He suggests some of that need for a heroine may date back to Renaissance paintings of the Madonna and Child, or the Virgin Mary mourning the crucified Jesus in a Pieta. "In icon heaven, women in extremis play best."
Sternheimer also thinks Neda's good looks helped make her a posthumous star. "Because she was so pretty, I think for a lot of people it draws even more sympathy. She appeared very Westernized. I think for people in the West, they can think, 'She’s just like anyone I know.'"
Lubin points to another beautiful young woman who captured the public's heart in the center of a tragedy: Jacqueline Kennedy following the November 1963 assassination of her husband, President John F. Kennedy.
"Jackie had amazing presence of mind to use the opportunity," said Lubin, author of the book 'Shooting Kennedy: JFK and the Culture of Images' (University of California Press, 2003).
"The whole funeral that she orchestrated was a really important piece of political theater," designed to evoke the image of Camelot and assure Americans "that higher values were going to prevail," he said.
But although the grieving first lady recognized an opportunity and seized it, that doesn't mean you can intentionally create an iconic image.
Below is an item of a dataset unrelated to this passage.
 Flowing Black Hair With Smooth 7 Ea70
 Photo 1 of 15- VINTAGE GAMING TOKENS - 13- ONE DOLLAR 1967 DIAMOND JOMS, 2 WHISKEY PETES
In fact, attempts to do so could backfire –- such as the moment on May 1, 2003, when President George W. Bush landed on the deck of an aircraft carrier and, with a banner proclaiming "Mission Accomplished" in the background, declared an end to major combat in Iraq. Although Bush didn’t know it at the time, the fighting was far from over.
Since no one knows what will happen next in Iraq, it's hard to tell whether Neda's death throes will become a lasting image, or be forgotten in the months to come.
"In part it has to do with what happens to this movement," said Ross. "If there's some really big change in the political structure, she will become a heroine, a martyr to the cause. Should this movement go away without having a real impact in the regime, then it wouldn't surprise me if she became merely a local figure."